Mia madre due anni fa ha deciso con determinazione e in tutta autonomia di andare a vivere in un pensionato. Ormai sola da oltre dieci anni, viveva e vive tutt’ora in un paese dei castelli romani, a pochi chilometri da Roma dove io, figlia unica, abito con la mia famiglia.

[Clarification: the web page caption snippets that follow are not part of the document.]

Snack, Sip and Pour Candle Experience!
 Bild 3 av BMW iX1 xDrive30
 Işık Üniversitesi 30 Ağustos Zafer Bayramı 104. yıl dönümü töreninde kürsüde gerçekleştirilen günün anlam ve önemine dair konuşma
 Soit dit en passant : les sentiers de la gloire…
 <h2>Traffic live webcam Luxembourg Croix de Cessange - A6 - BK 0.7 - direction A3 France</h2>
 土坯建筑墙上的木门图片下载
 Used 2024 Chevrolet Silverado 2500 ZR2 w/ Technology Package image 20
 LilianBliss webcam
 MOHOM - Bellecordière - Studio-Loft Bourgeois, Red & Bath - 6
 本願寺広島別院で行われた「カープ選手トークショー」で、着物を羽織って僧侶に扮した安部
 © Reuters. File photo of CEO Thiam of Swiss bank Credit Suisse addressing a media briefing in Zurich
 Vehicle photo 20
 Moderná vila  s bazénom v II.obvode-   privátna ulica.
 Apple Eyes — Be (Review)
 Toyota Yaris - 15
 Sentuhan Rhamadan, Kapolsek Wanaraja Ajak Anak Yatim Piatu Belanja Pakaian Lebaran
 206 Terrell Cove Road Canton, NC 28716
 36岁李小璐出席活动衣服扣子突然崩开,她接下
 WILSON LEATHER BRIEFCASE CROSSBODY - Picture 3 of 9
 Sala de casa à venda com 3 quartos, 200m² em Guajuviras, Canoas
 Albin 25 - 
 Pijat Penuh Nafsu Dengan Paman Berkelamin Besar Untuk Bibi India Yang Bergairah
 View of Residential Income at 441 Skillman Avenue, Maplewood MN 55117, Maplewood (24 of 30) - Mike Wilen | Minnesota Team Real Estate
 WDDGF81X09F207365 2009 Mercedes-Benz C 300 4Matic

La sua discreta autonomia, un piccolo aiuto domestico e la vicinanza di persone amiche, le hanno permesso di gestirsi abbastanza bene nel quotidiano, fino a quasi novanta anni, sempre però con mia crescente preoccupazione e costante impegno per recarmi da lei, per sostenerla in cento piccole o grandi incombenze: dalle visite mediche, al rubinetto che perde, dalle fettuccine fatte a mano, all’assistenza in caso di malattia etc. Il tutto fatto spesso di corsa, cercando di conciliare famiglia e lavoro e percorrendo comunque vari chilometri avanti e indietro.
Tanta fatica raramente era associata alla consapevolezza di essermi resa veramente utile e comunque sempre con la sensazione di non aver fatto abbastanza! Sentivo mia madre sola nella sua casa, una vecchia casa di paese con tanti problemi di manutenzione, con urgenti lavori di restauro da fare, lavori a cui mia madre sistematicamente si opponeva, forse perché con la vecchiaia si diventa un po’ troppo “parsimoniosi”, ma anche perché diceva che non ne valeva la pena, tanto lei un giorno se ne sarebbe andata in un pensionato. Frase questa che sembrava uno stereotipo… allora non pensavo fosse la sua vera intenzione.
All’approssimarsi dei fatidici novanta anni, ho cominciato a prospettarle l’idea di prendere una badante… la sua reazione è stata subito dura, decisa e lapidaria: “Io in casa mia non voglio estranei!” Non c’è stato verso di convincerla finché un giorno, caduta in casa, per fortuna senza conseguenze, ma con molto spavento da parte di tutti, mi ha detto: “Voglio andare dalle suore qui del paese, per sapere se mi possono accogliere nel loro pensionato, ci sono tante persone che ci vengono da Roma, perché non posso andarci io che vivo qui?” Non sono riusci ta a farle cambiare idea, ho cercato di farle capire quanto fosse meglio restare a casa sua con una persona accanto che potesse aiutarla ed assisterla nelle sue necessità; io avrei vigilato costantemente sul suo operato, ma niente da fare, sono stata costretta ad accompagnarla dalle sue suore, con infinita angoscia e ingoiando lacrime!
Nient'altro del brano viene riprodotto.